» **Work to be completed**:
Transcribe all of the records, leaving out any pictures.

» **Listed entries**:
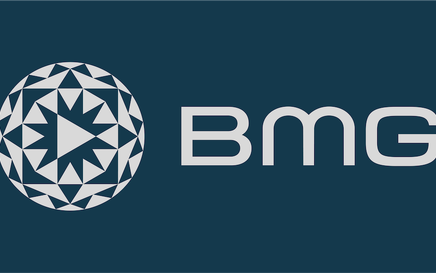 BMG marks largest music catalogue investment in its history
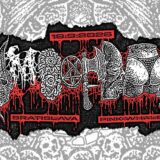 Festival Tomb of Doom zmení Pink Whale na bojový krížnik!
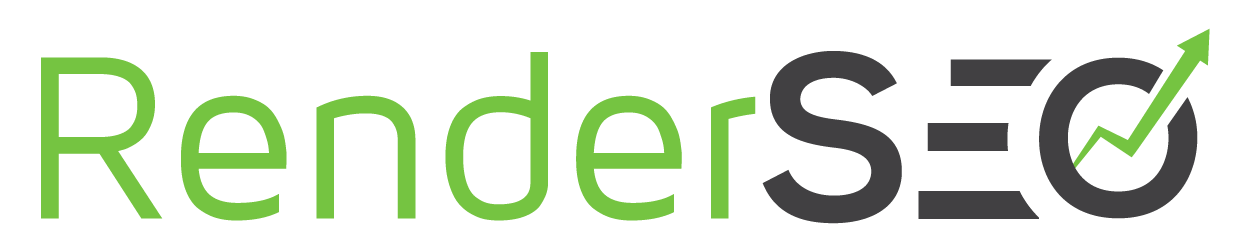 cropped-300X300-01-01.png
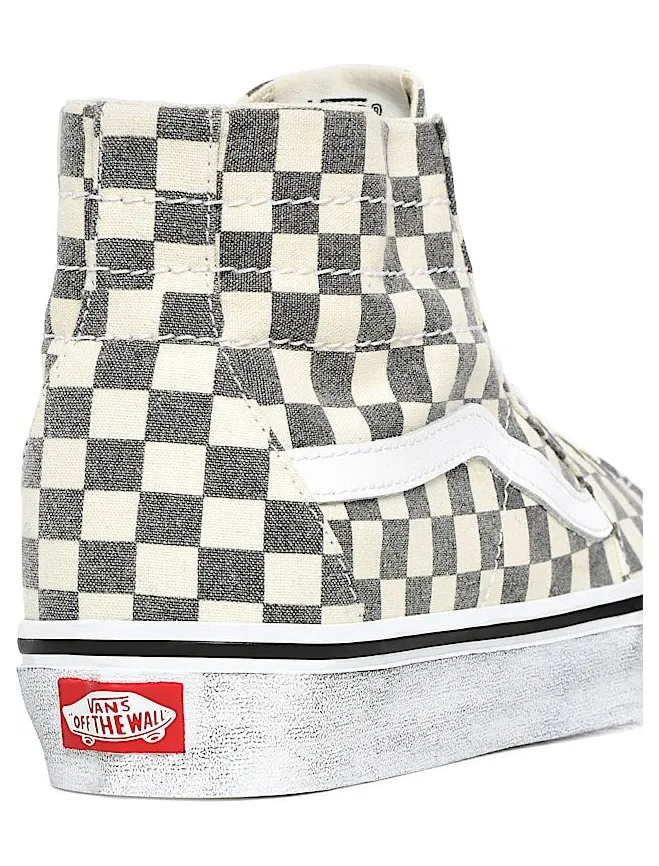vans-sk8-hi VN0A4U16HQE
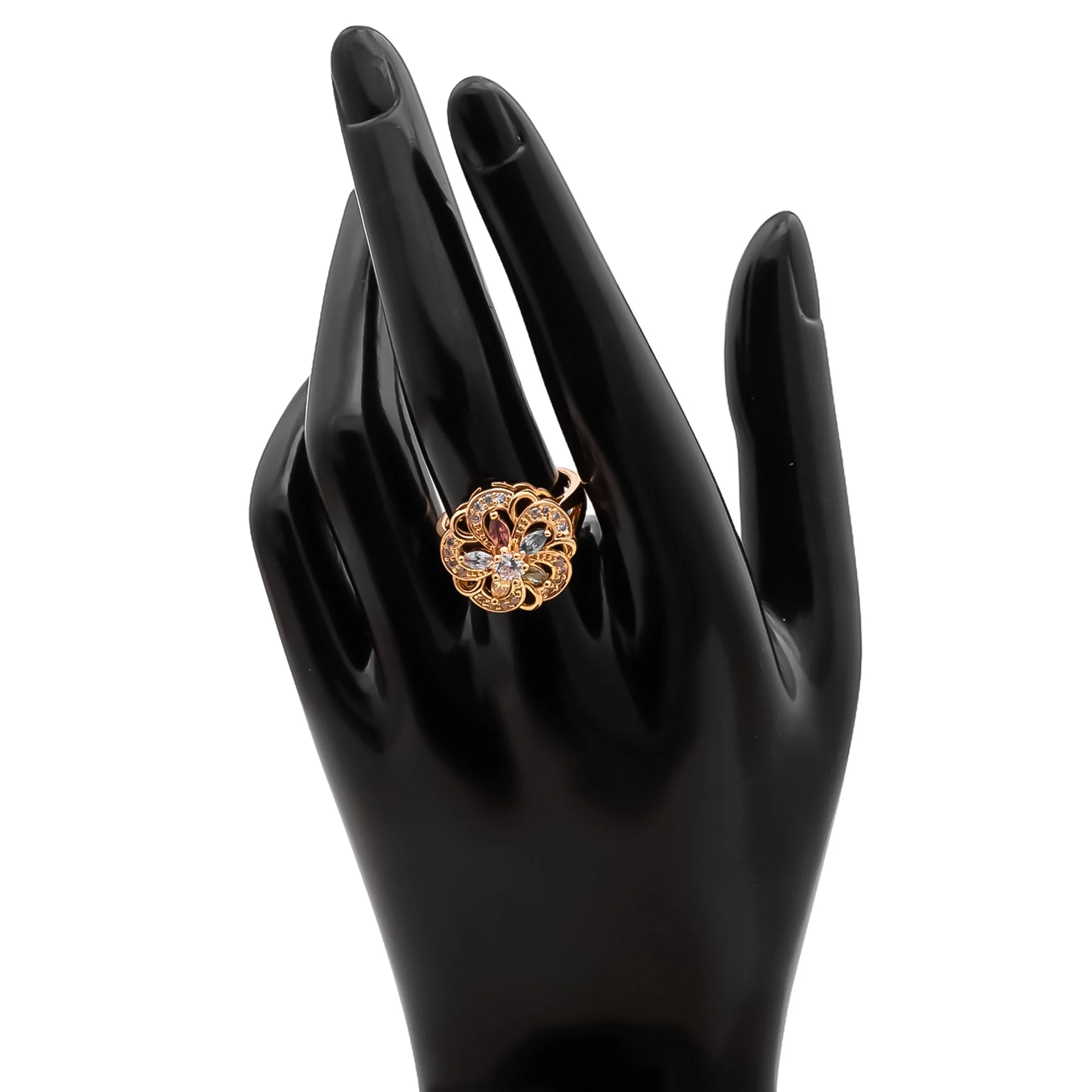 Ladies Ring-T5054815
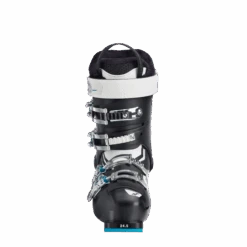 Nordica Cruise 65 W Women's Ski Boots - 2023 -Utah Ski Gear 2000x0 050670007T6 THE CRUISE 65 W 3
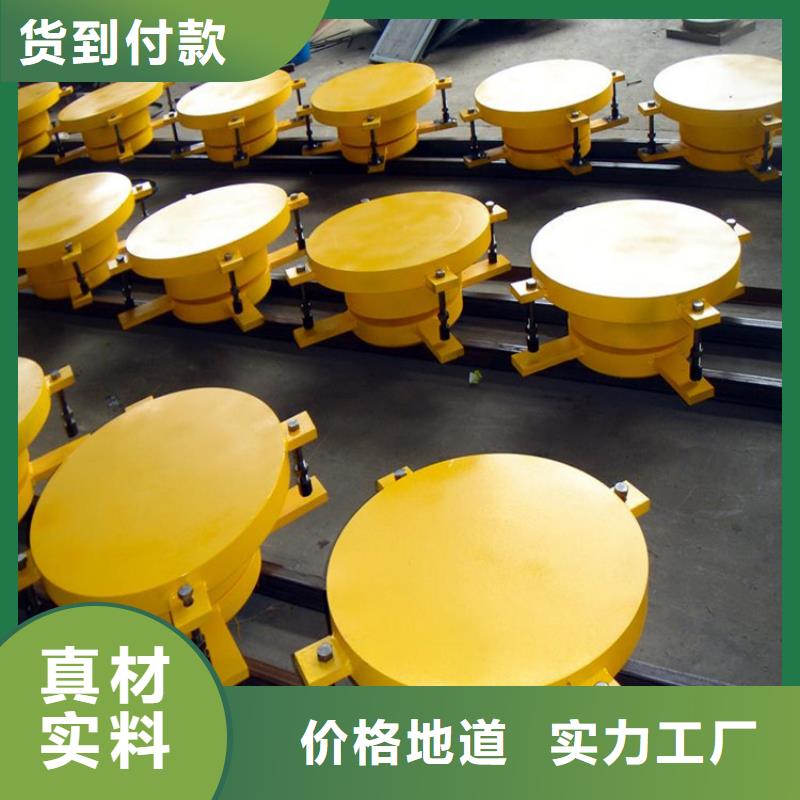 球铰支座减震球型钢支座专业品质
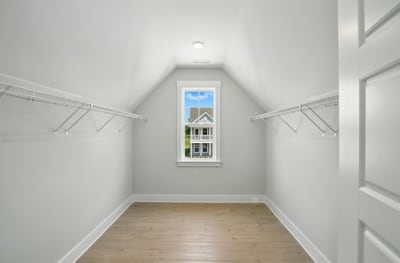 Inventory photo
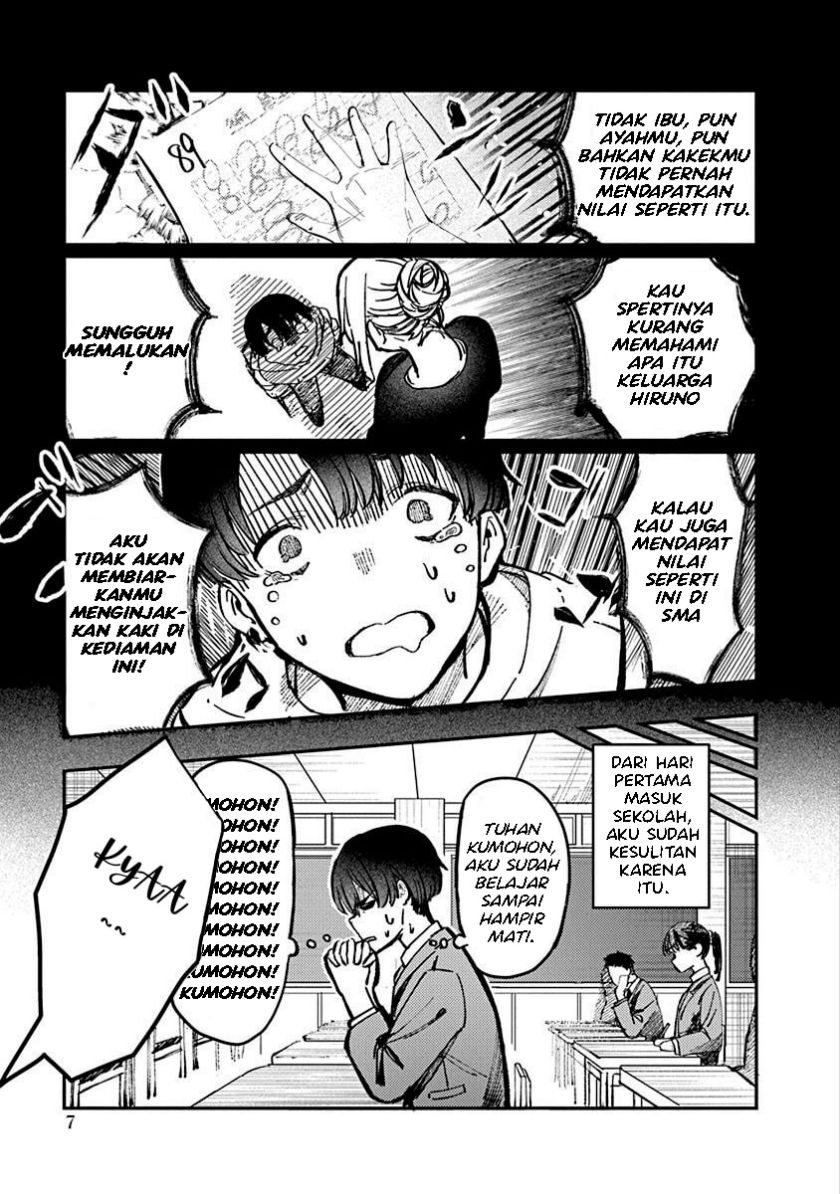 Chapter 1 - halaman 10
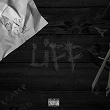 Liff | Capo Lee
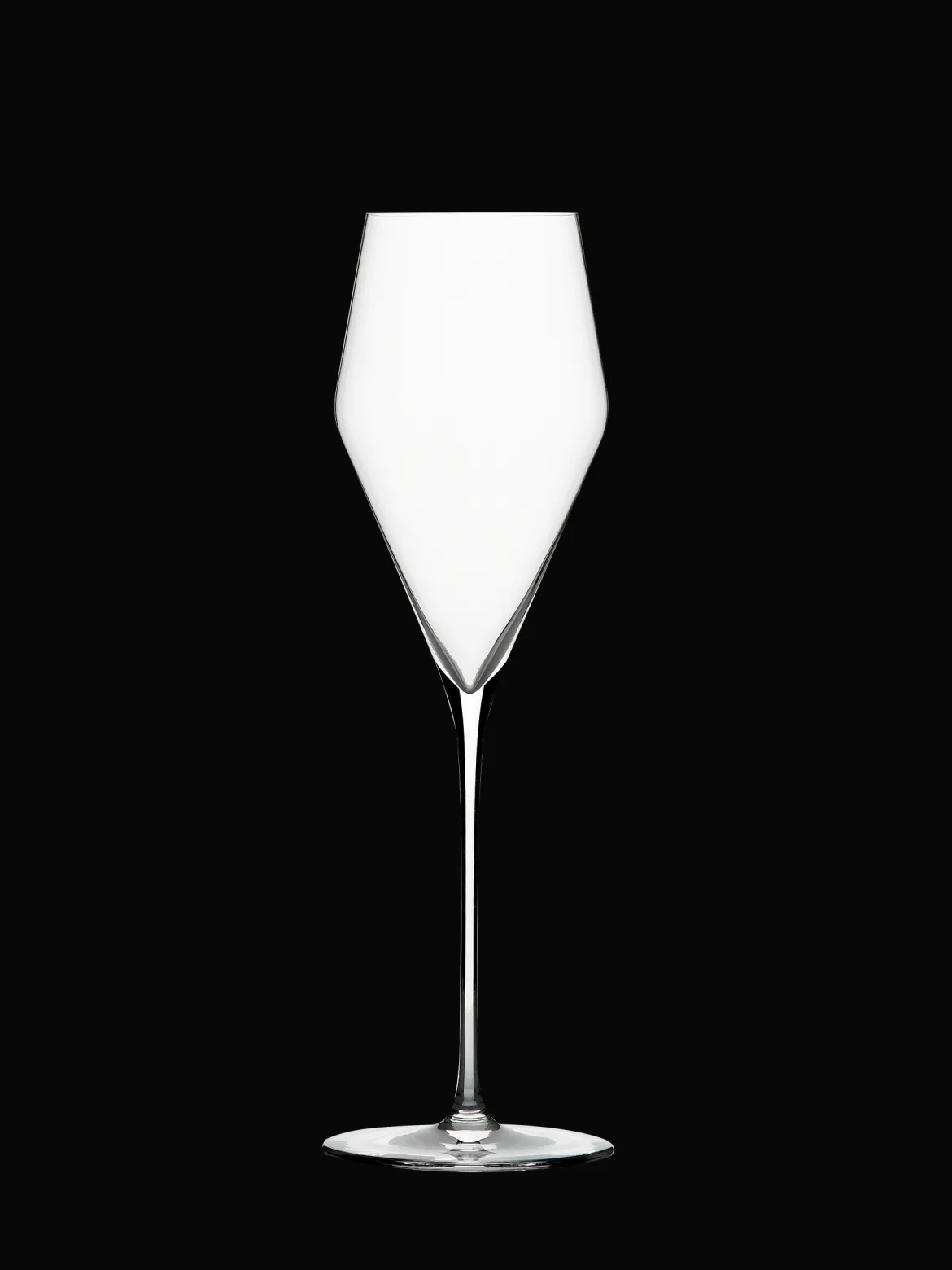 Zalto Champagnerglas "Denk`Art"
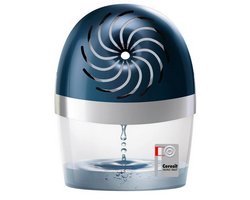 Movera Ceresit Aero 360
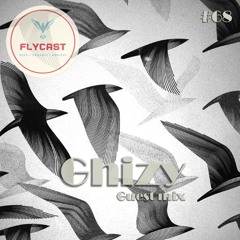 Flycast #68 | Ghizy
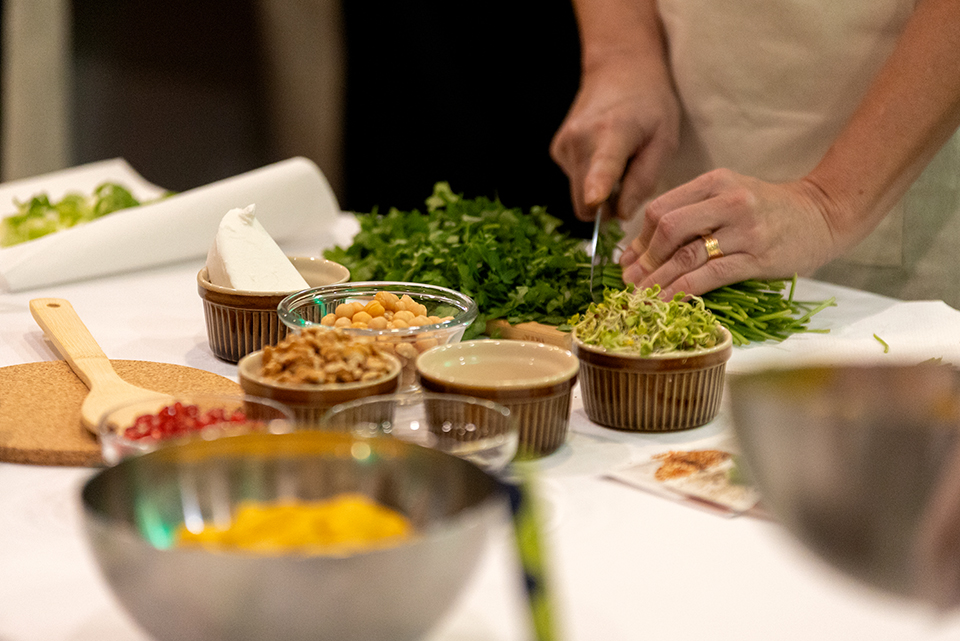 vegansummit 02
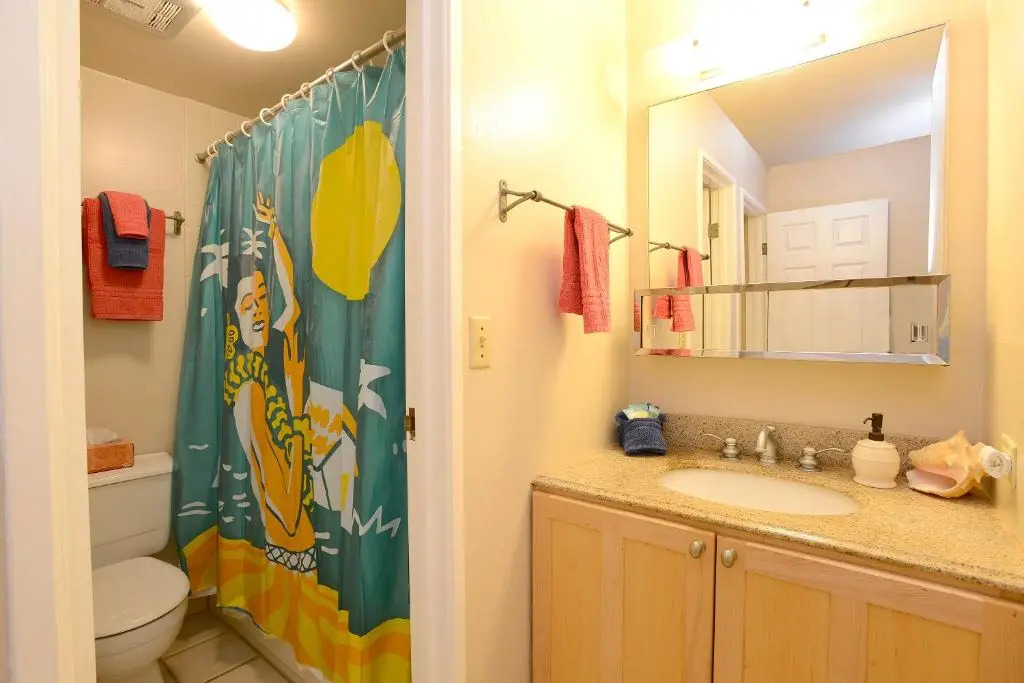 Maui Sunset B-115, 2 Bedrooms, Outdoor Pool, Tennis Court, Sleeps 4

» **Exercise response**:
 BMG marks largest music catalogue investment in its history
 Festival Tomb of Doom zmení Pink Whale na bojový krížnik!
 cropped-300X300-01-01.png
vans-sk8-hi VN0A4U16HQE
 Ladies Ring-T5054815
 Nordica Cruise 65 W Women's Ski Boots - 2023 -Utah Ski Gear 2000x0 050670007T6 THE CRUISE 65 W 3
 球铰支座减震球型钢支座专业品质
 Inventory photo
 Chapter 1 - halaman 10
 Liff | Capo Lee
 Zalto Champagnerglas "Denk`Art"
 Movera Ceresit Aero 360
 Flycast #68 | Ghizy
 vegansummit 02
 Maui Sunset B-115, 2 Bedrooms, Outdoor Pool, Tennis Court, Sleeps 4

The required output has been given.